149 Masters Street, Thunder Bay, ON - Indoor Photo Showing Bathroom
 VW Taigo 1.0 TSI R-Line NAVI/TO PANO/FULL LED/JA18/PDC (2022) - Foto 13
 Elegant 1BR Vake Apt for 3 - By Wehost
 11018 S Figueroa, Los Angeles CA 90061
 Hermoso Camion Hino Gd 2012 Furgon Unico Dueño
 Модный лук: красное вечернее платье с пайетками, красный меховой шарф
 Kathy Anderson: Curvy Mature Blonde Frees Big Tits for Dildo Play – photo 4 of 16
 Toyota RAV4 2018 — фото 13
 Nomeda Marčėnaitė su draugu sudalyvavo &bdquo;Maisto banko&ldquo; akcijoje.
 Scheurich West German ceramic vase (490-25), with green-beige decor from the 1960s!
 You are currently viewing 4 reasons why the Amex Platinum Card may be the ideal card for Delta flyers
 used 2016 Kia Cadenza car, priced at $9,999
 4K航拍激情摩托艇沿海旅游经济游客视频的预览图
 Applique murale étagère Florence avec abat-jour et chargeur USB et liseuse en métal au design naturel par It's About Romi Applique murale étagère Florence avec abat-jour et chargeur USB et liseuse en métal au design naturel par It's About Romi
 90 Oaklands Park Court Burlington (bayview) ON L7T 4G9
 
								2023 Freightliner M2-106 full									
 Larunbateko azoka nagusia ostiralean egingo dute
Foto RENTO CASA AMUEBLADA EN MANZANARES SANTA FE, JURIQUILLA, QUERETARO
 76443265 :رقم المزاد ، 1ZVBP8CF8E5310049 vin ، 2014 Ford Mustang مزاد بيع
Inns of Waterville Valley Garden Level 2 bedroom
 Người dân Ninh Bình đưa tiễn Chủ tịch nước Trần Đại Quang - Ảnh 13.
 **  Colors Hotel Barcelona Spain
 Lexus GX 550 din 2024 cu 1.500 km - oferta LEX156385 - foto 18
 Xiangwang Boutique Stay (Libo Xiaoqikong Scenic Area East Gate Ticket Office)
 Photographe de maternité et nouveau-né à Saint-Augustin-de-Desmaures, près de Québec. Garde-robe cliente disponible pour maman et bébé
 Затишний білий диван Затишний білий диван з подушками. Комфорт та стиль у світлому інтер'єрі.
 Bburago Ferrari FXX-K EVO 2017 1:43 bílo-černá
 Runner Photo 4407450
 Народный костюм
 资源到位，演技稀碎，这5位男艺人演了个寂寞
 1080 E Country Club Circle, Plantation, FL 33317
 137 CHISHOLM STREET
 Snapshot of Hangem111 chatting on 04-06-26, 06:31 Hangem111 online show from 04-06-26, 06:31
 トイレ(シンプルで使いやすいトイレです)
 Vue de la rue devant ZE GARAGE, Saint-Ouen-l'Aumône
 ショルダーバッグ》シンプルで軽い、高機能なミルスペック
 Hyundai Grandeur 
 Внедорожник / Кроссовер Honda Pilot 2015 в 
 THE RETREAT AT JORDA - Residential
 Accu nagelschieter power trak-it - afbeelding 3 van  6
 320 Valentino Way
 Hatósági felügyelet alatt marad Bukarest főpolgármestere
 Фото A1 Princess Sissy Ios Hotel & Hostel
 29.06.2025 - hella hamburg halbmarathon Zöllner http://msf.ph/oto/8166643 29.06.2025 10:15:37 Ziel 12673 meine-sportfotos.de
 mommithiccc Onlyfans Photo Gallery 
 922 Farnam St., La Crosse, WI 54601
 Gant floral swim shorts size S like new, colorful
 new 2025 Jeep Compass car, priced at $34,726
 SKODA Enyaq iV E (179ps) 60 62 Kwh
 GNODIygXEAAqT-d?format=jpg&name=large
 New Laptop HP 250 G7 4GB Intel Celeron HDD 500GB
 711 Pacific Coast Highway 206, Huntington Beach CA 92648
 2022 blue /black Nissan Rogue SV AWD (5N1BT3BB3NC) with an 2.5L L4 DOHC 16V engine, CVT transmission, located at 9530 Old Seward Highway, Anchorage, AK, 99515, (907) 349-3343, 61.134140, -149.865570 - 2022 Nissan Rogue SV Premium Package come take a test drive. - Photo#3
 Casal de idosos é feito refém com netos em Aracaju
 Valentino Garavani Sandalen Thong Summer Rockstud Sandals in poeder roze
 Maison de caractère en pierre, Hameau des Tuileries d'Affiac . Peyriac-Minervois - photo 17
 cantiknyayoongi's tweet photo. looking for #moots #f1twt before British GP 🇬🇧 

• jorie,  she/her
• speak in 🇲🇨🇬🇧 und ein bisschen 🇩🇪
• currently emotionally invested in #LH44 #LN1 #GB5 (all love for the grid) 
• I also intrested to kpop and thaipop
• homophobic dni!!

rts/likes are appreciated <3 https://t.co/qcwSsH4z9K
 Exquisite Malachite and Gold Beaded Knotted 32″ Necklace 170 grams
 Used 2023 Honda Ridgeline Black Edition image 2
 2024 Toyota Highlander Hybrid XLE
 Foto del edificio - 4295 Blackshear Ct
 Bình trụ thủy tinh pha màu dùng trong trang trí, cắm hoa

_____

TASK GOAL ->
A word-for-word transcription of the material is required.

RESULT ->
149 Masters Street, Thunder Bay, ON - Indoor Photo Showing Bathroom
 VW Taigo 1.0 TSI R-Line NAVI/TO PANO/FULL LED/JA18/PDC (2022) - Foto 13
 Elegant 1BR Vake Apt for 3 - By Wehost
 11018 S Figueroa, Los Angeles CA 90061
 Hermoso Camion Hino Gd 2012 Furgon Unico Dueño
 Модный лук: красное вечернее платье с пайетками, красный меховой шарф
 Kathy Anderson: Curvy Mature Blonde Frees Big Tits for Dildo Play – photo 4 of 16
 Toyota RAV4 2018 — фото 13
 Nomeda Marčėnaitė su draugu sudalyvavo &bdquo;Maisto banko&ldquo; akcijoje.
 Scheurich West German ceramic vase (490-25), with green-beige decor from the 1960s!
 You are currently viewing 4 reasons why the Amex Platinum Card may be the ideal card for Delta flyers
 used 2016 Kia Cadenza car, priced at $9,999
 4K航拍激情摩托艇沿海旅游经济游客视频的预览图
 Applique murale étagère Florence avec abat-jour et chargeur USB et liseuse en métal au design naturel par It's About Romi Applique murale étagère Florence avec abat-jour et chargeur USB et liseuse en métal au design naturel par It's About Romi
 90 Oaklands Park Court Burlington (bayview) ON L7T 4G9
 
								2023 Freightliner M2-106 full									
 Larunbateko azoka nagusia ostiralean egingo dute
Foto RENTO CASA AMUEBLADA EN MANZANARES SANTA FE, JURIQUILLA, QUERETARO
 76443265 :رقم المزاد ، 1ZVBP8CF8E5310049 vin ، 2014 Ford Mustang مزاد بيع
Inns of Waterville Valley Garden Level 2 bedroom
 Người dân Ninh Bình đưa tiễn Chủ tịch nước Trần Đại Quang - Ảnh 13.
 **  Colors Hotel Barcelona Spain
 Lexus GX 550 din 2024 cu 1.500 km - oferta LEX156385 - foto 18
 Xiangwang Boutique Stay (Libo Xiaoqikong Scenic Area East Gate Ticket Office)
 Photographe de maternité et nouveau-né à Saint-Augustin-de-Desmaures, près de Québec. Garde-robe cliente disponible pour maman et bébé
 Затишний білий диван Затишний білий диван з подушками. Комфорт та стиль у світлому інтер'єрі.
 Bburago Ferrari FXX-K EVO 2017 1:43 bílo-černá
 Runner Photo 4407450
 Народный костюм
 资源到位，演技稀碎，这5位男艺人演了个寂寞
 1080 E Country Club Circle, Plantation, FL 33317
 137 CHISHOLM STREET
 Snapshot of Hangem111 chatting on 04-06-26, 06:31 Hangem111 online show from 04-06-26, 06:31
 トイレ(シンプルで使いやすいトイレです)
 Vue de la rue devant ZE GARAGE, Saint-Ouen-l'Aumône
 ショルダーバッグ》シンプルで軽い、高機能なミルスペック
 Hyundai Grandeur 
 Внедорожник / Кроссовер Honda Pilot 2015 в 
 THE RETREAT AT JORDA - Residential
 Accu nagelschieter power trak-it - afbeelding 3 van  6
 320 Valentino Way
 Hatósági felügyelet alatt marad Bukarest főpolgármestere
 Фото A1 Princess Sissy Ios Hotel & Hostel
 29.06.2025 - hella hamburg halbmarathon Zöllner http://msf.ph/oto/8166643 29.06.2025 10:15:37 Ziel 12673 meine-sportfotos.de
 mommithiccc Onlyfans Photo Gallery 
 922 Farnam St., La Crosse, WI 54601
 Gant floral swim shorts size S like new, colorful
 new 2025 Jeep Compass car, priced at $34,726
 SKODA Enyaq iV E (179ps) 60 62 Kwh
 GNODIygXEAAqT-d?format=jpg&name=large
 New Laptop HP 250 G7 4GB Intel Celeron HDD 500GB
 711 Pacific Coast Highway 206, Huntington Beach CA 92648
 2022 blue /black Nissan Rogue SV AWD (5N1BT3BB3NC) with an 2.5L L4 DOHC 16V engine, CVT transmission, located at 9530 Old Seward Highway, Anchorage, AK, 99515, (907) 349-3343, 61.134140, -149.865570 - 2022 Nissan Rogue SV Premium Package come take a test drive. - Photo#3
 Casal de idosos é feito refém com netos em Aracaju
 Valentino Garavani Sandalen Thong Summer Rockstud Sandals in poeder roze
 Maison de caractère en pierre, Hameau des Tuileries d'Affiac . Peyriac-Minervois - photo 17
 cantiknyayoongi's tweet photo. looking for #moots #f1twt before British GP 🇬🇧 

• jorie,  she/her
• speak in 🇲🇨🇬🇧 und ein bisschen 🇩🇪
• currently emotionally invested in #LH44 #LN1 #GB5 (all love for the grid) 
• I also intrested to kpop and thaipop
• homophobic dni!!

rts/likes are appreciated <3 https://t.co/qcwSsH4z9K
 Exquisite Malachite and Gold Beaded Knotted 32″ Necklace 170 grams
 Used 2023 Honda Ridgeline Black Edition image 2
 2024 Toyota Highlander Hybrid XLE
 Foto del edificio - 4295 Blackshear Ct
 Bình trụ thủy tinh pha màu dùng trong trang trí, cắm hoa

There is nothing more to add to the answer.